Di sini, Israel tidak mampu menahan serangan Mesir, bahkan pertempuran tank berat terjadi. Hal ini membuat AS mengirimkan bantuan ke Israel atas perhatian dari Presiden Richard Nixon terhadap Perang Yom Kippur.
Barulah pada 15 Oktober, Israel melancarkan serangan balik, bahkan melintasi Terusan Suez di selatan. Pada kondisi ini, Tentara Ketiga Mesir terpisah dari pasukan lainnya dan terkepung.
Tentara yang berhasil diselamatkan setelah PBB mengeluarkan kesepakatan gencatan senjata pada 22 Oktober dan menghentikan Perang Yom Kippur. Mesir, Suriah, dan Israel sepakat untuk melakukan gencatan senjata, agar tidak menimbulkan korban jiwa lebih banyak.
Perang Yom Kippur menunjukkan keberhasilan awal perang pada Mesir, walaupun pada akhirnya kalah.
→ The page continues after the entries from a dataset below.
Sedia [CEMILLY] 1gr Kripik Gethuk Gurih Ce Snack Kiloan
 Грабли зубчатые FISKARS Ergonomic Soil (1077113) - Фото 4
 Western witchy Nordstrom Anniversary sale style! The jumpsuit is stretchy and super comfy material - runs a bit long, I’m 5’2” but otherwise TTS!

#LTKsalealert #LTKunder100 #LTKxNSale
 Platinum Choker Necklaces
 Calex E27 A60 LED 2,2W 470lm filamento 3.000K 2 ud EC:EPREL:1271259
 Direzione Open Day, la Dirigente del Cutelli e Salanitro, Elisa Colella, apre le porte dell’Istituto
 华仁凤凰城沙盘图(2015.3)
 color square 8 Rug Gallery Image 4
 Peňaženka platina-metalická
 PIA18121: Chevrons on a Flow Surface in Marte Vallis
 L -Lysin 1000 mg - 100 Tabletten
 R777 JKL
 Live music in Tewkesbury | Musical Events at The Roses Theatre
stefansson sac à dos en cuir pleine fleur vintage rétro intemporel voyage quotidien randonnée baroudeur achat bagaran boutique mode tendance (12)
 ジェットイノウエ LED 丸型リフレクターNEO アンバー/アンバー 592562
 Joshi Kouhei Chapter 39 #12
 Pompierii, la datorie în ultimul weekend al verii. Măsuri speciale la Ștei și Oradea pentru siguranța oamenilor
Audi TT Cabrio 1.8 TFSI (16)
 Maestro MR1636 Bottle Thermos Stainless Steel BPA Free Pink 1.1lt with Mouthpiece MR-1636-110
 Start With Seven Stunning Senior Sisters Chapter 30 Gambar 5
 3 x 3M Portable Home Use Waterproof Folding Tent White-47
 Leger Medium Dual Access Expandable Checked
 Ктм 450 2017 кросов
Setelah perang selesai, Sadat bertemu dengan para pemimpin Israel untuk membangun perdamaian dalam Perjanjian Camp David tahun 1978.
Akan tetapi, keputusan ini dibenci oleh negara-negara Arab lainnya, kalangan fundamentalis Islam, mahasiswa Mesir, dan para aktivis kemerdekaan Palestina. Keputusannya inilah yang kelak menjadi alasan pembunuhan terhadapnya pada 1981.
"Salah satu aspek yang berpotensi berbahaya dalam Perang Yom Kippur adalah bahwa, dalam beberapa hal, konflik tersebut merupakan proksi dari Perang Dingin antara Amerika Serikat dan Uni Soviet. Israel pada umumnya bersekutu dengan AS, dan Uni Soviet mendukung Mesir dan Suriah," McNamara berpendapat.
"Israel diketahui mempunyai senjata nuklir (meskipun kebijakannya tidak pernah mengakui hal tersebut). Dan ada ketakutan bahwa Israel, jika dipaksakan, akan memanfaatkannya. Perang Yom Kippur, meski penuh kekerasan, tetap tanpa menggunakan nuklir."